Ocean data collected at Station Aloha in Hawaii shows increasing dissolved CO2 (green line), and decreasing pH (blue line; lower pH means higher acidity) over the past 30 years. These ocean CO2 and pH trends are caused by increasing atmospheric CO2 (red line).

Scientists estimate that about a third of all the CO2 emitted from burning fossil fuels is now dissolved in the ocean. That’s good news for the climate—the earth would be even hotter now if the ocean weren’t doing us a solid—but it’s bad news for the ocean. When water absorbs CO2, it becomes slightly more acidic. And indeed, the ocean has been getting more acidic ever since we thought to start measuring it thirty years ago.
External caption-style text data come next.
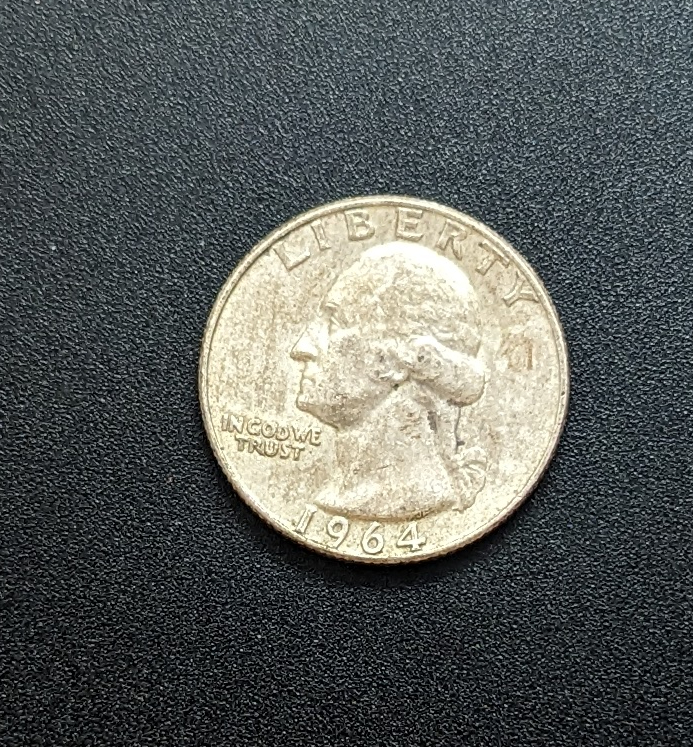 (image for) 1964 Silver Washington Quarter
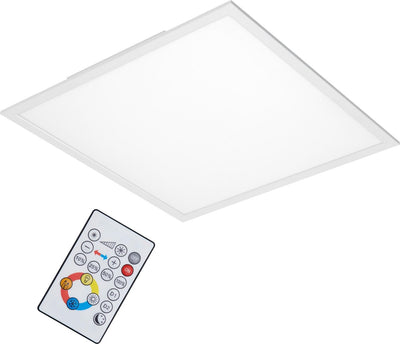 Briloner piatto - plafonnier - plafonnier dimmable - contrôle des couleurs - télécommande - LED - 36w - 3800 lm - lampe LED - blanc - 59 -5 cm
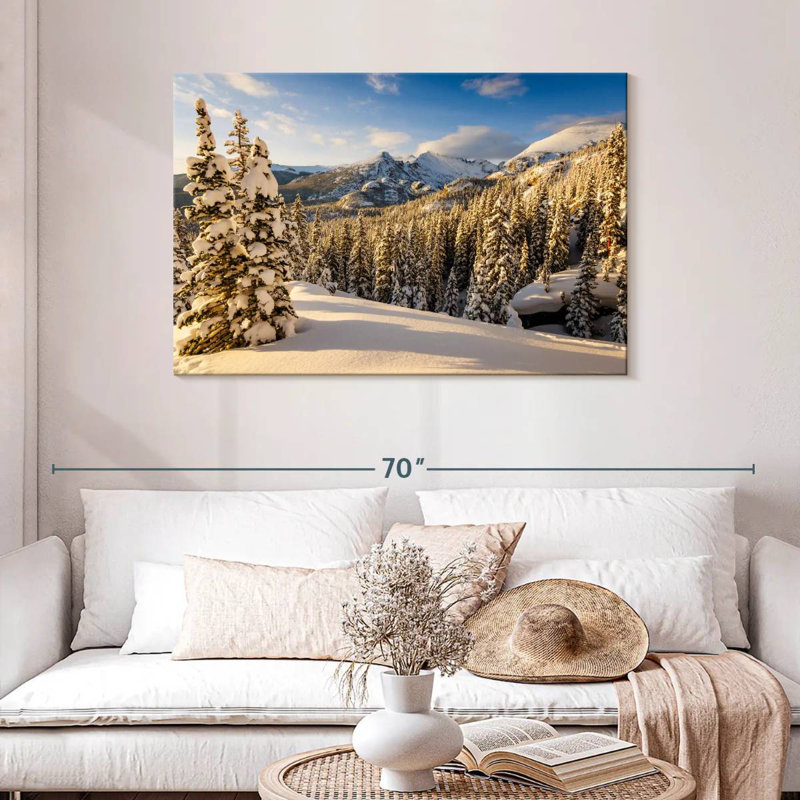 Alvord Snowy Pine Trees, 30" H x 45" W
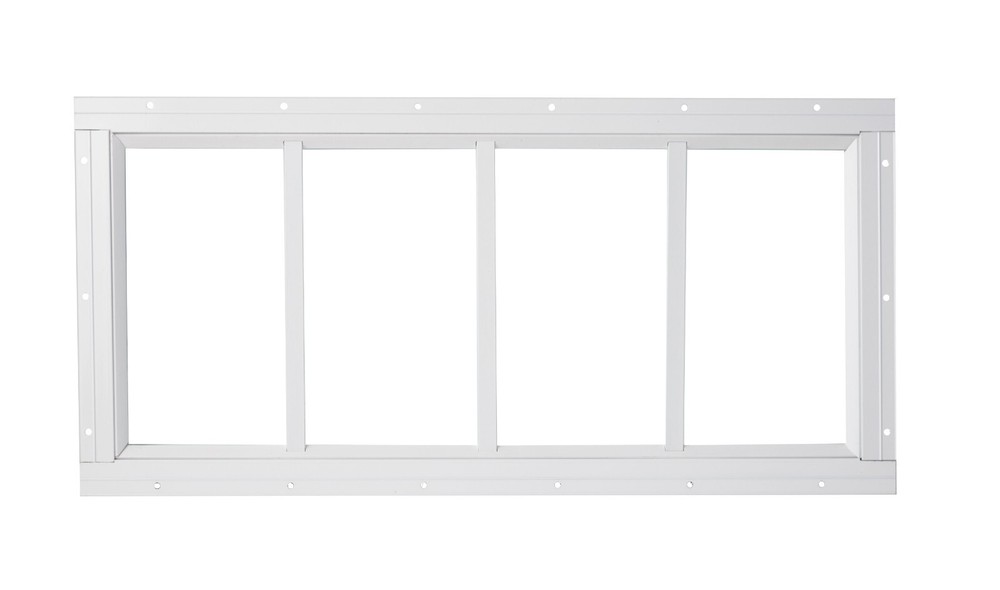 Shed window transom 10 x 23 , white/ brown/black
This process is called “ocean acidification.” What does ocean acidification mean for the health of the oceans? Just like you’d think, acidic water is generally not good for marine organisms, and a lot of research has shown its negative effects. For example, corals are getting stressed, oysters and clams are finding it harder to build their shells, and fish are losing their sense of smell. Those are all important things to study, but as a geochemist, I’m more interested in the fundamental chemistry of acidification, especially how acidic water might affect rocks (and vice versa, how rocks might affect acidification).

I know what you’re thinking… Rocks?! Who cares!? But hear me out…they’re important. When acidic water interacts with certain kinds of rocks (like carbonates, which I study), it dissolves them, and the result of that dissolution sequesters CO2. So dissolving rocks with acidic water could ultimately help reverse climate change! This process is a kind of feedback mechanism that the earth naturally uses to regulate the amount of CO2 in the atmosphere. But unfortunately for us, it happens very, very slowly. My research is measuring exactly how fast this occurs in beach sands (sand, after all, is essentially just tiny rocks), and how much dissolution we can expect as the ocean becomes more acidic.

To answer these questions, I’m starting local. I’ve spent the summer studying beach sands in southern California, focusing mostly on the beach in front of the Wrigley Institute. Water along the California coast is naturally slightly acidic, so it’s more vulnerable to increasing acidity, and thus a great place to study ocean acidification. To answer my questions, I’m using both lab-based and field experiments. In the lab experiments, I pump acidic water through columns of sand to replicate future ocean-beach conditions. I then measure the amount of rock (specifically, carbonate) dissolution that takes place under different acidity levels. This way, I can quantify how much dissolution—and associated CO2 sequestration—will take place over the next 25, 50, or 100 years. The field experiment uses a similar approach: I insert chambers into the sand and acidify the overlying water. As the acidic water mixes into the sand, some carbonates may start dissolving, sequestering CO2 in the process.

Laboratory-based sand columns (left) and field-based chamber (right) used to measure carbonate dissolution. In both experiments, acidic water replicating future ocean conditions is pumped through the sand.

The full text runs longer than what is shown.